What is Required to file for divorce?
- Marriage Certificate;
- Complaint or Petition;
- Summons or Return of Service;
- Form R 408 Statistical Form;
- Financial Statement from both parties; and
- Certificate of attendance at a Parent Education Program (if there are minor children).
In addition to the documents above which are part of the record of the case, the Rules of Domestic Relations Procedure require mandatory self disclosure of a whole host of financial records. (See Supplemental Rule 410 below) Also, the filing of the Complaint for Divorce effectuates an automatic restraining order requiring both parties to preserve marital assets. Failure to abide by the restraining order may be deemed a contempt of Court.
When negotiating the Separation Agreement, the factors that seem to carry persuasive weight with the Judges are: length of the marriage, health of the parties, amount and sources of income, employability and special needs of children. (See factors list at end). The assets available for division include all the normal stuff and such things as pensions and inherited property. In Massachusetts, all assets acquired during the marriage without regard for the title are deemed "marital assets." In a medium or long term marriage, assets acquired by one party before the marriage, in most instances, will be considered a "marital asset."
Alimony is awarded based upon need. (Length of the marriage is a very important factor to alimony awards.) There is no set formula or time period. This is an area that needs discussion.
Child support, in most cases, is set according to the "Child Support Guidelines" in effect at the time the Court makes the child support order. Guidelines support orders are computed using gross income figures.
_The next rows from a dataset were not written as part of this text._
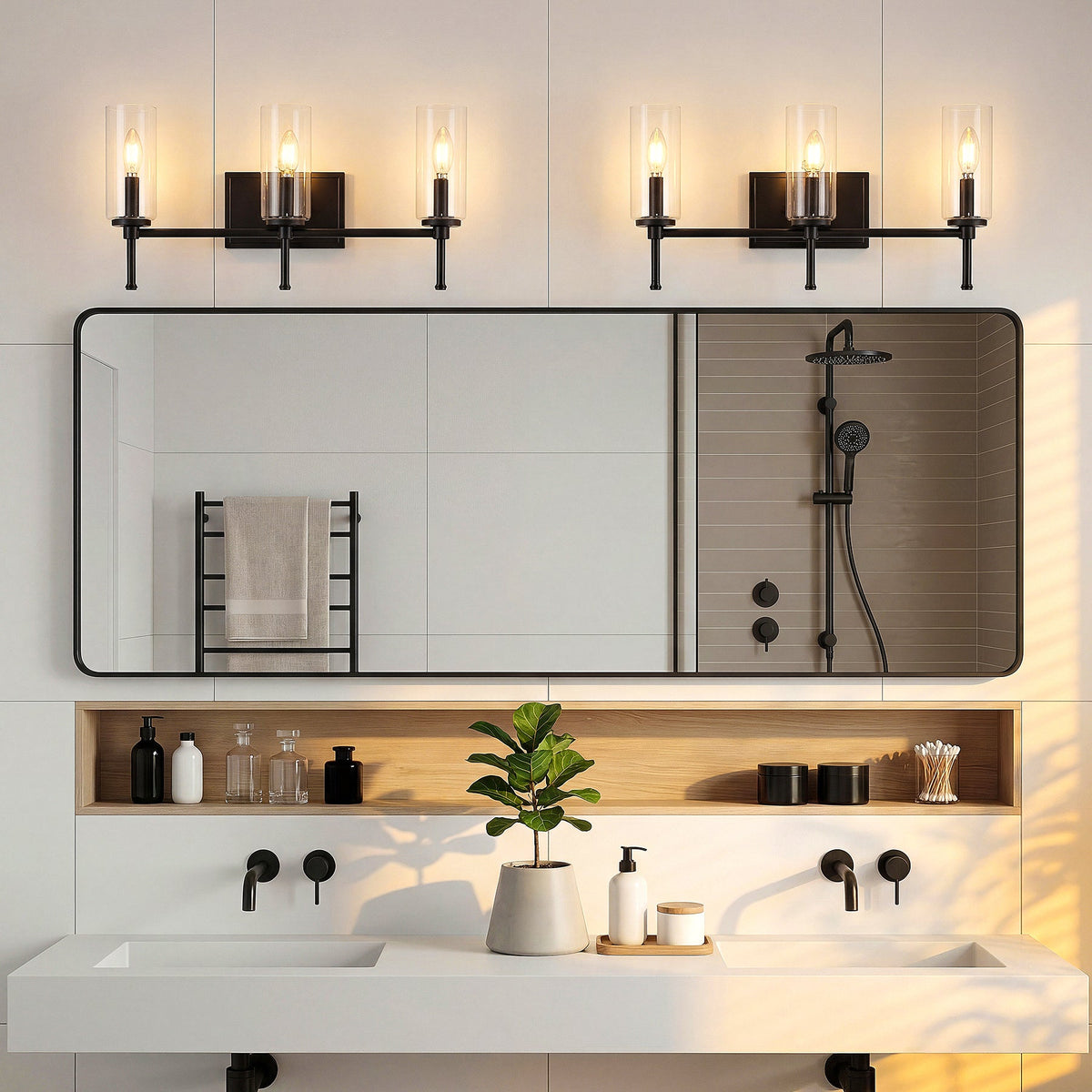 Black Bathroom Vanity Light, Three-Light Clear Cylinder Glass Shades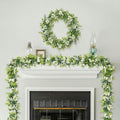 6FT Eucalyptus Garland with Flowers, 8 Pack Artificial Greenery Garland Hanging Faux Eucalyptus Garland Suitable for Table Wedding Backdrop Arch Wall Party UV Protected Indoor Outdoor Decor - size: 8 Pack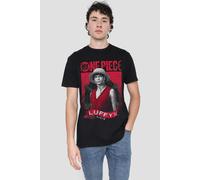 One Piece Men's Luffy Etched Portrait T-Shirt in Black | Size: Large One Piece Black L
Income includes: salary and wages (overtime and tips); commissions; severance pay, royalties, bonuses, interest and dividends, partnerships or self-employment income, social security, veterans benefits, workers' and unemployment compensation, pensions, annuities, income from trusts, lottery or gambling winnings, net rental income and so forth.
A "Complaint for Divorce" is an civil action. If the parties cannot mutually come to terms about the division of assets, custody and support (and all the particulars of each situation), then there is a trial and the Court renders a Judgment (weighing the "section 34" factors offered into evidence, see list at end). At the time of the hearing or trial, the Court enters a "Judgment of Divorce Nisi" which becomes "Absolute" 90 days later.
Typically, your Divorce attorney will require a retainer and bill for services by the hour. The amount of the retainer often depends upon your attorney's assessment of the amount of contention he or she perceives to exist between the parties. The client should expect to sign a "Fee Agreement" and replenish the retainer whenever the time billed has depleted it. The Client understands that due to the personal nature and circumstances of domestic relations matters, no precise estimate of legal fees can be given.